Given a set of packages to determine the order in which the packages need to be installed (or removed) a dependency graph is constructed. All packages with no requirements can be installed first. Afterwards all requires of the remaining packages that were provided by the installed packges get removed. This normally results in a new set of packages without any requirements. This process is then repeated until either no more packages need to be installed or we have requirement loops between packages. These loops then need to be broken up by intelligently selecting one dependency and removing that until we have packages without requirements again. If there are several packages in one round without requirements the order of those are independant and can be installed in any order.
A special case for the loop breaking are PreReqs.
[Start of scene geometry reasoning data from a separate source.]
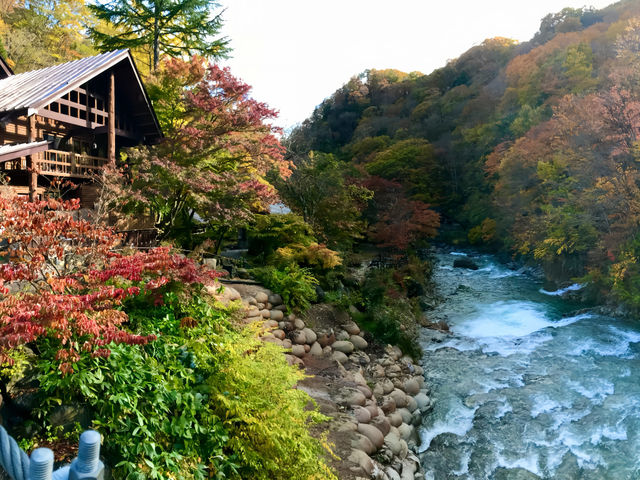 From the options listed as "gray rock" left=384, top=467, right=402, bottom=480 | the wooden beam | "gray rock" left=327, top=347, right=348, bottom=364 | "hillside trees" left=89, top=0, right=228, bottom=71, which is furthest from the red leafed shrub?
"hillside trees" left=89, top=0, right=228, bottom=71

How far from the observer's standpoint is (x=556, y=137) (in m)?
20.4

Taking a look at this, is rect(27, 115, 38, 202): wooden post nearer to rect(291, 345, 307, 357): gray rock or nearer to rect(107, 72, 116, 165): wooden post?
rect(107, 72, 116, 165): wooden post

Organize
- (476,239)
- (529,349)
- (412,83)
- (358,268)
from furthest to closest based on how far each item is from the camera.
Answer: (412,83)
(476,239)
(358,268)
(529,349)

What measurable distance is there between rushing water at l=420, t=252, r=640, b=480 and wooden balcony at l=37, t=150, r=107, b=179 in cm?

Those requirements are special in that sense that they should never ever be broken up if possible as they specify that a certain package absolutely has to be installed before the other one can be safely and correctly installed. This happens often if a package needs some specific binaries in one of it pre or post scripts.
Now that we know how dependency checks and ordering works the next step is dependency resolving. Here we need to leave the space of a single set of rpms and include some kind of repository from which the depresolver can pull packages. A typical scenario is where you have an installed system with a set packages B, a set of packages to be installed or updated I and a set of packages in one or more repositories called R.
The depresolver now takes all requirements from the packages in I and checks which are still not resolved by B. For those unfulfilled requirements it then looks at the packages in R and tries to find packages that fulfill those requirments and add the best matching package to I. This process is repeated until all requirments are fullfilled or aborted if they can't be resolved using R.
An important fact is that dependencies are "arch-less", meaning if you have a requirement on multilib systems this can lead to 64bit packages being pulled it from 32bit packages and vice versa. For libraries this can and usally will automatically be prevented as 64bit libraries on 64bit systems have a (64bit) at the end of their provides, so they specifically and correcltly will be required by binaries linked against them.
More problematic on the other hand are development packages where there a package foo-devel typically only has a "Requires: foo" as a requirement which would pull in a 64bit foo package for a 32bit foo-devel package, which is most of the time not what you want.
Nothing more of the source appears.